Directions:
Reproduce the entries beneath exactly, without their images.

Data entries
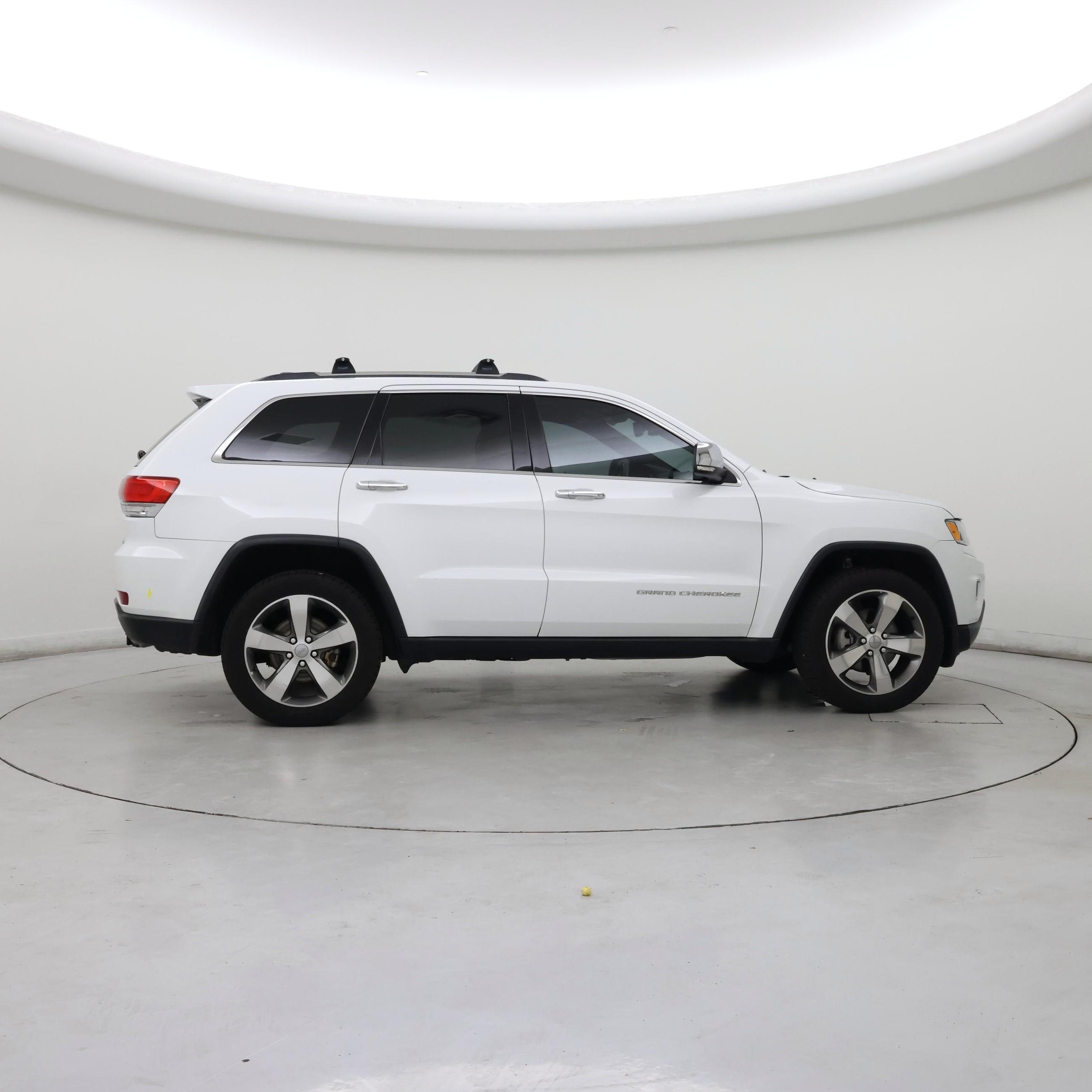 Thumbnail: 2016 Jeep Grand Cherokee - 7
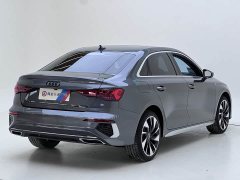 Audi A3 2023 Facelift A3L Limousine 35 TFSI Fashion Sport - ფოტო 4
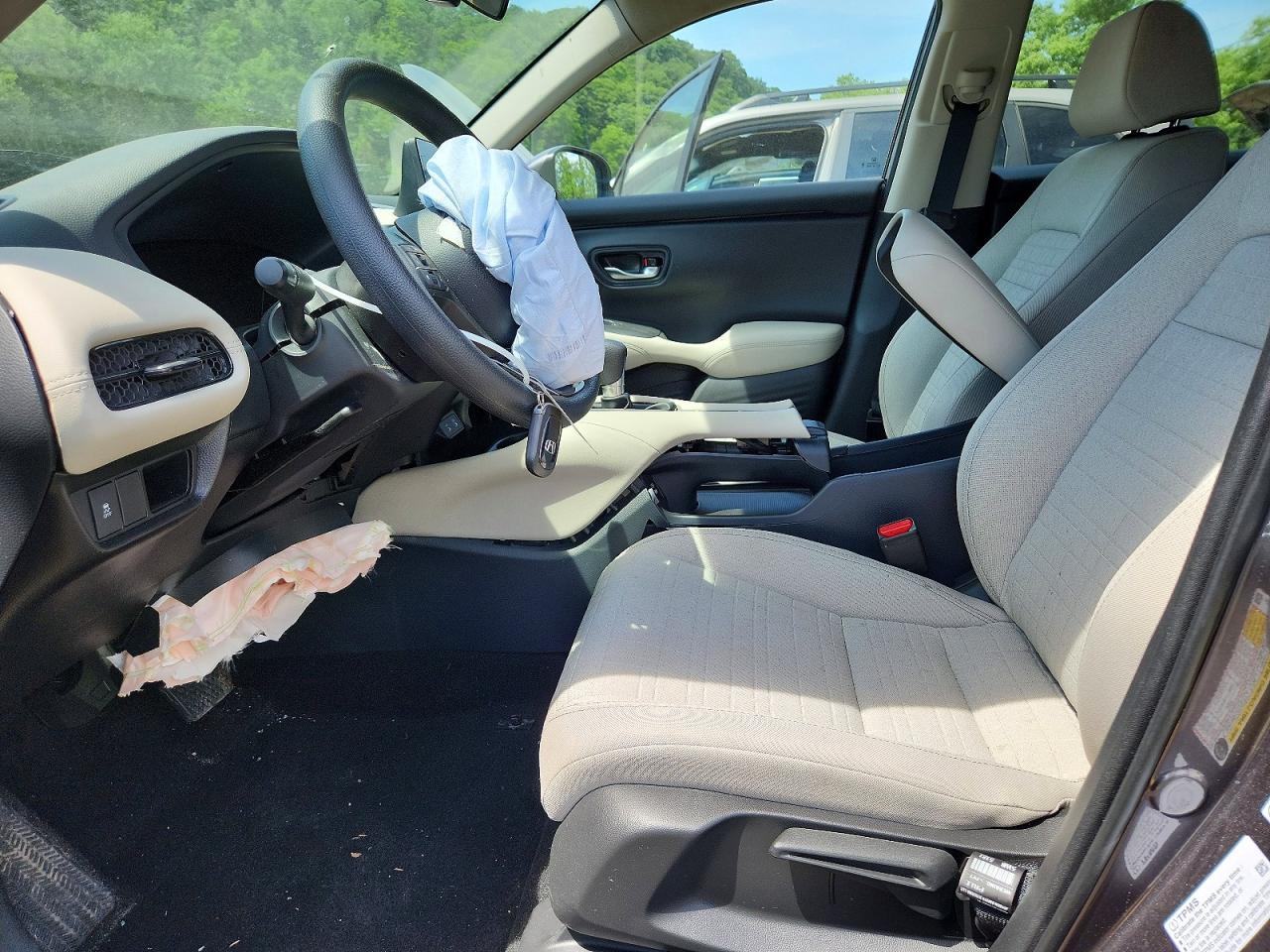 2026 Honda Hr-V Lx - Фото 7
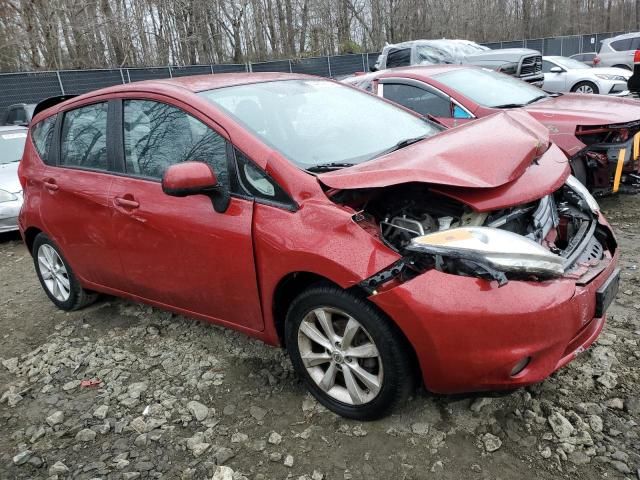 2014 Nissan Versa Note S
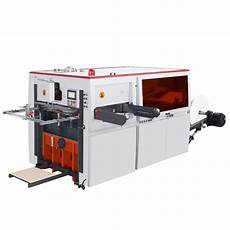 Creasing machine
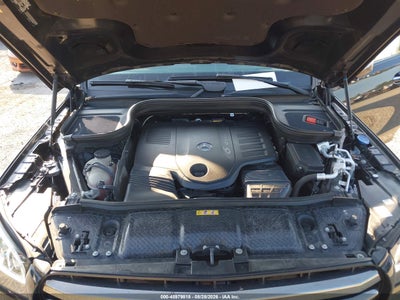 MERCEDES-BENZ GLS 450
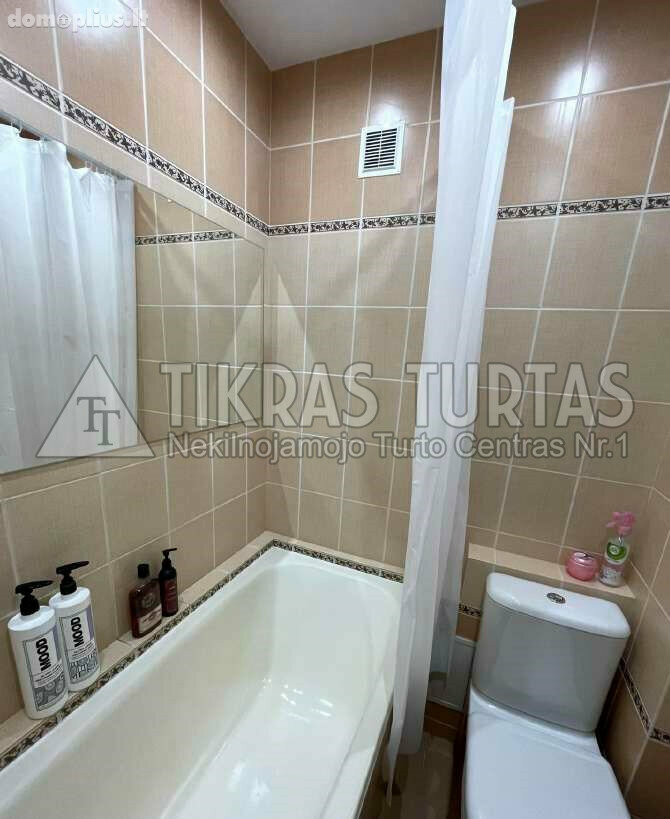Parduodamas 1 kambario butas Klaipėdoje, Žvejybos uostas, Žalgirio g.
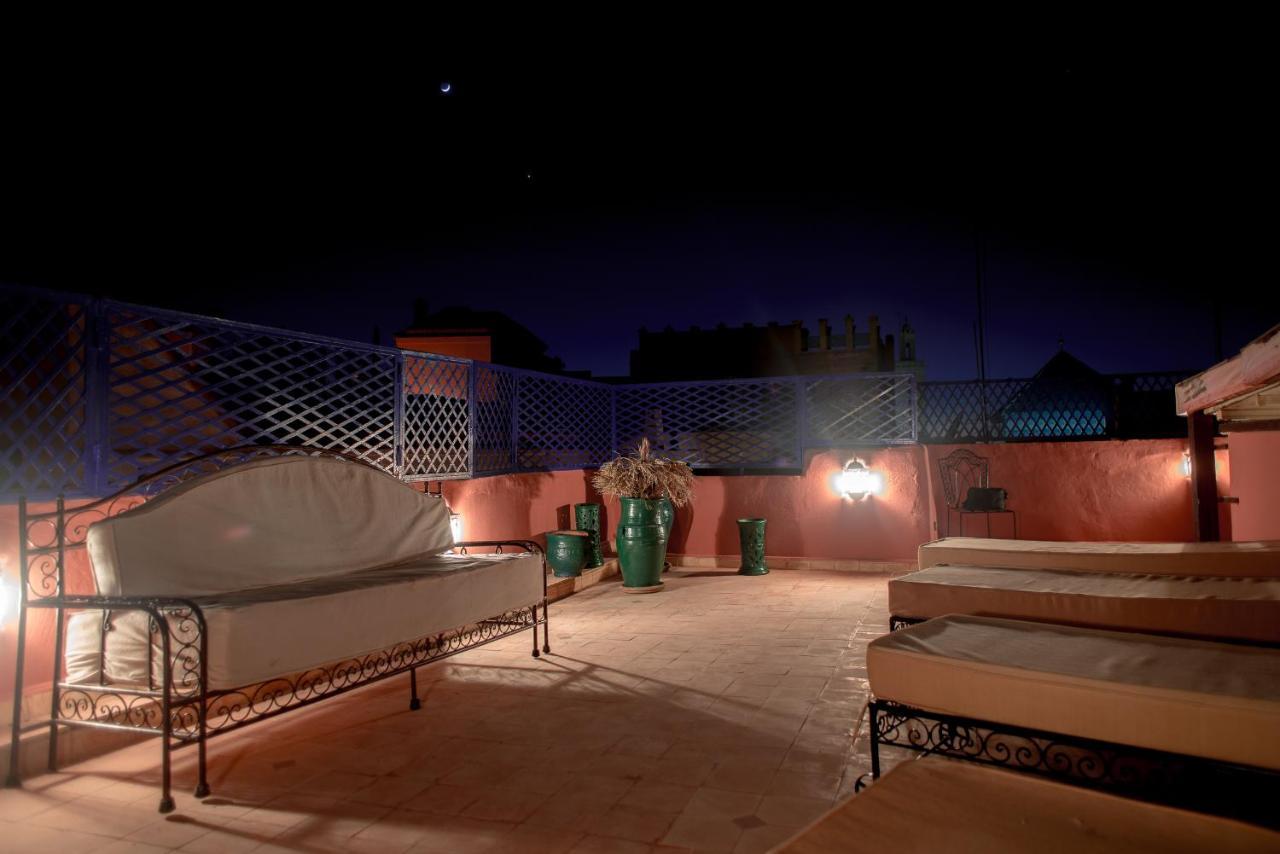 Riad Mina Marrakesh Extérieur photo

Task answer:
 Thumbnail: 2016 Jeep Grand Cherokee - 7
 Audi A3 2023 Facelift A3L Limousine 35 TFSI Fashion Sport - ფოტო 4
 2026 Honda Hr-V Lx - Фото 7
 2014 Nissan Versa Note S
 Creasing machine
 MERCEDES-BENZ GLS 450
Parduodamas 1 kambario butas Klaipėdoje, Žvejybos uostas, Žalgirio g.
 Riad Mina Marrakesh Extérieur photo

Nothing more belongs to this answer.